Probability Flashcards
Empirical probability
An empirical probability is established by analyzing past data.
A priori probability
An a priori probability is determined using a formal reasoning and inspection process.
Subjective probability
A subjective probability is the least formal method of developing probabilities and involves the use of personal judgment.
Odds (in favor of)
odds in favor of = (# of favorable outcomes)/(# of unfavorable outcomes)
Odds (against)
Odds against = (# of unfavorable outcomes)/(# of favorable outcomes)
Unconditional probability
Unconditional probability (a.k.a. marginal probability) refers to the probability of an event regardless of the past or future occurrence of other events.
Conditional probability
A conditional probability is one where the occurrence of one event affects the probability of the occurrence of another event. For example, we might be concerned with the probability of a recession given that the monetary authority increases interest rates. This is a conditional probability. The key word to watch for here is “given.”

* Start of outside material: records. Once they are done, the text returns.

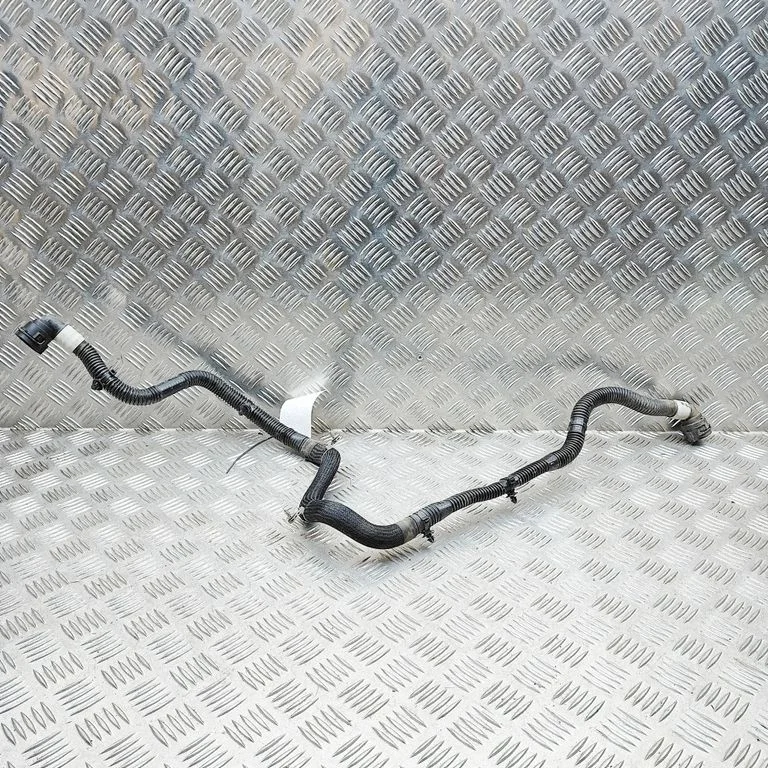 Motora dzesēšanas caurule (-es)/šļūtene (-es) 107759580E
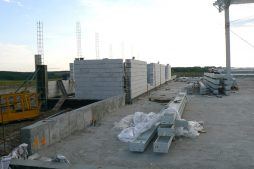 wznoszenie konstrukcji obiektu - hala produkcyjna z częścią socjalno-biurową, dla Medos, Chełmno, woj. kujawsko-pomorskie
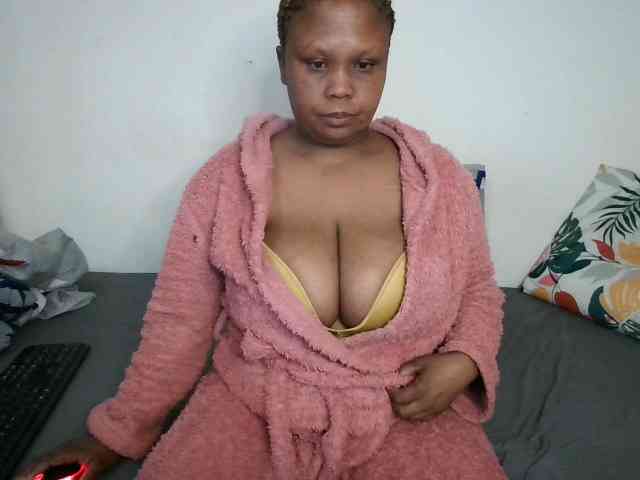 real live webcam BIGTITTISXX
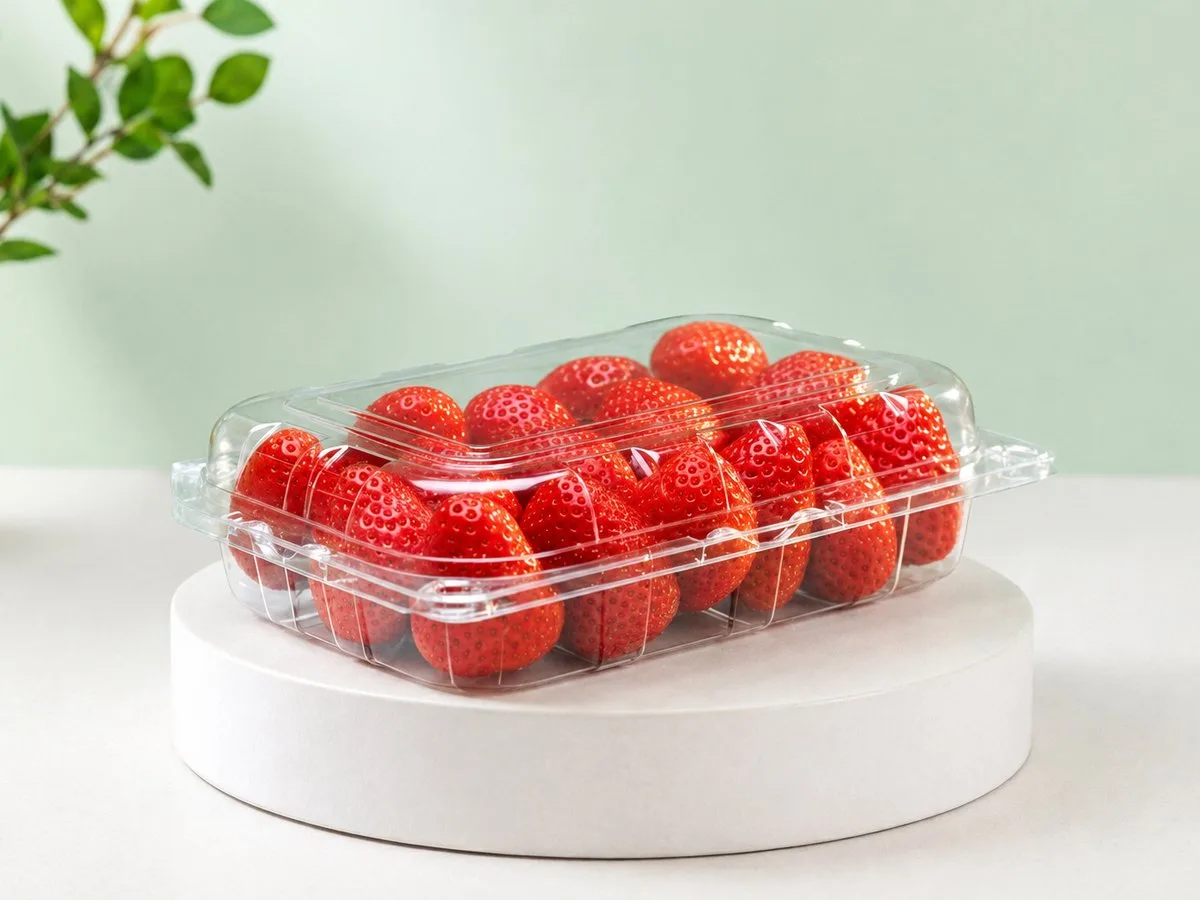 Oracle Group PET strawberry punnets 1640 and 1641 with strawberries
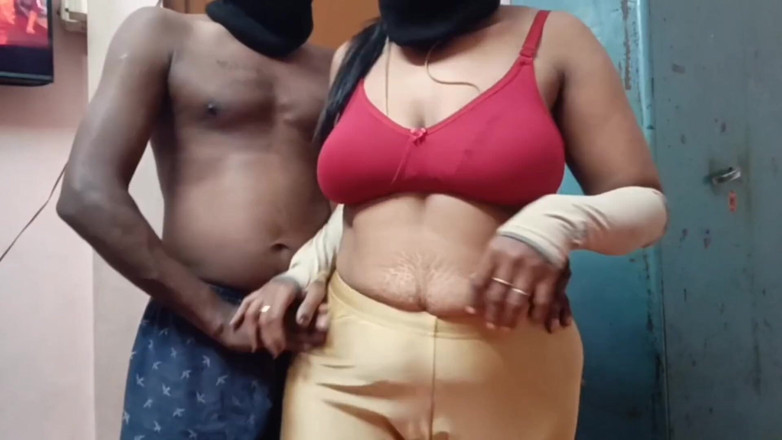 Benita sweety: Sora vitregă Desi se fute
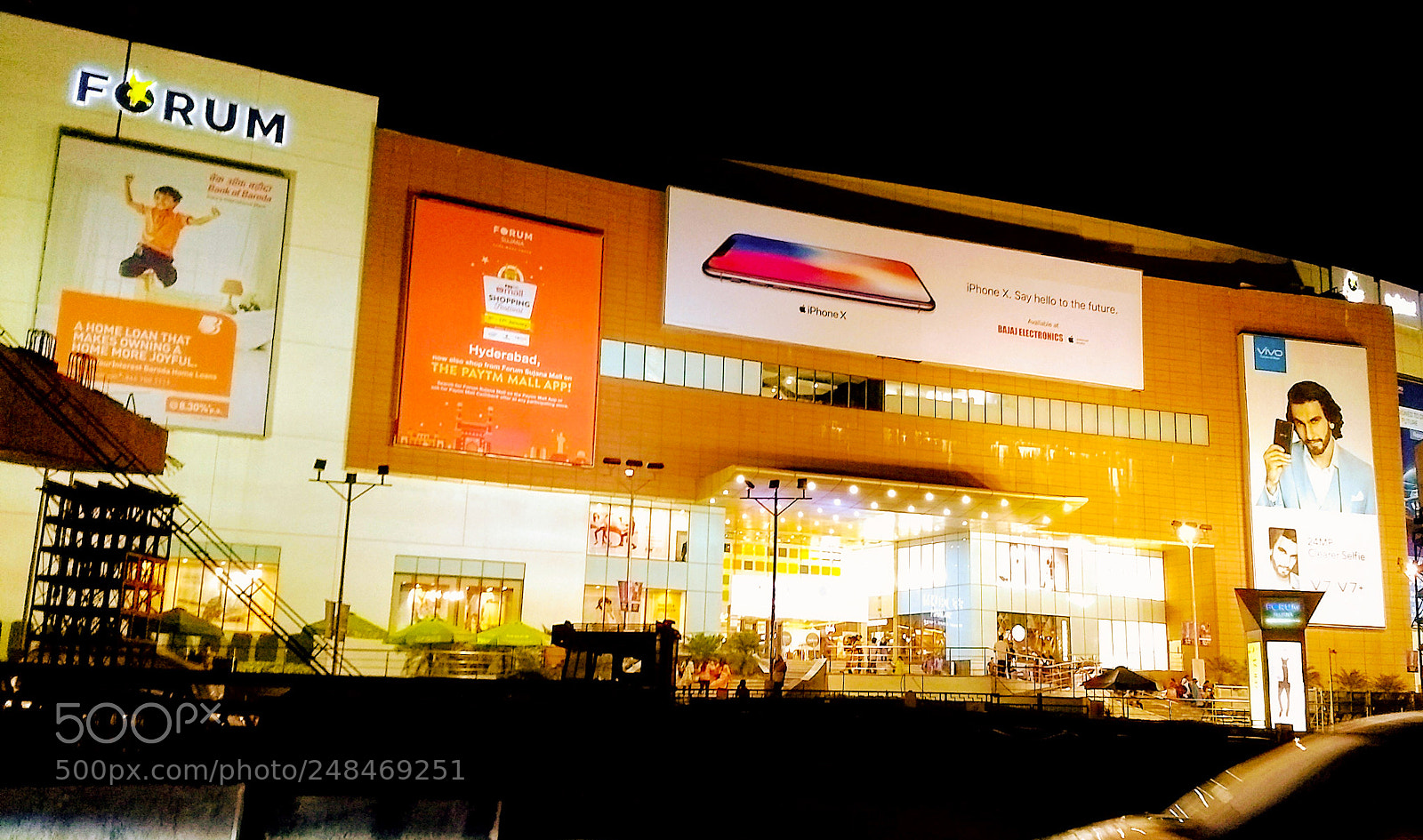 Motorola Moto G (5) Plus sample photo. Shopping photography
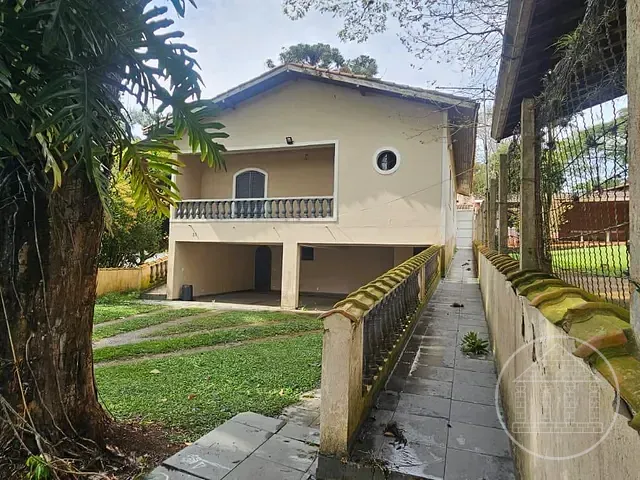 Casa com 320m² 3 quartos e 5 banheiros, à venda ou para alugar, no bairro Jardim das Palmeiras (Zona Sul) em São Paulo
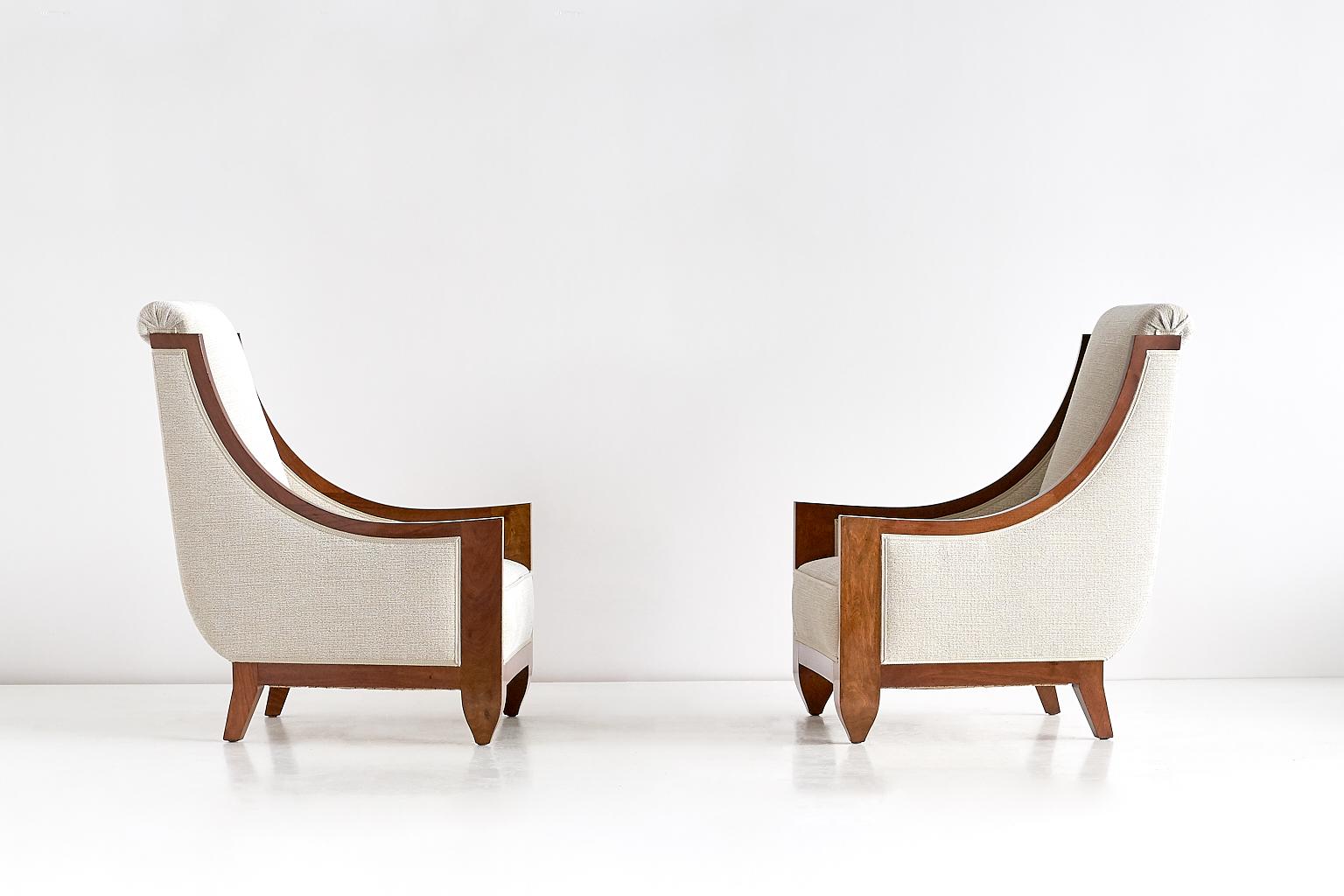 André Sornay Pair of Art Deco Armchairs in Walnut, France, Late 1920s 4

Multiplication rule of probability
The multiplication rule of probability is used to determine the joint probability of two events:
P(AB) = P(A | B) × P(B)
Addition rule of probability
The addition rule of probability is used to determine the probability that at least one of two events will occur:
P(A or B) = P(A) + P(B) − P(AB)
Total probability rule
The total probability rule is used to determine the unconditional probability of an event, given conditional probabilities:
P(A) = P(A | B1)P(B1) + P(A | B2)P(B2) + … + P(A | BN)*P(BN)
where B1, B2,…BN is a mutually exclusive and exhaustive set of outcomes.
Joint probability
The joint probability of two events is the probability that they will both occur.
P(AB) = P(A | B) × P(B)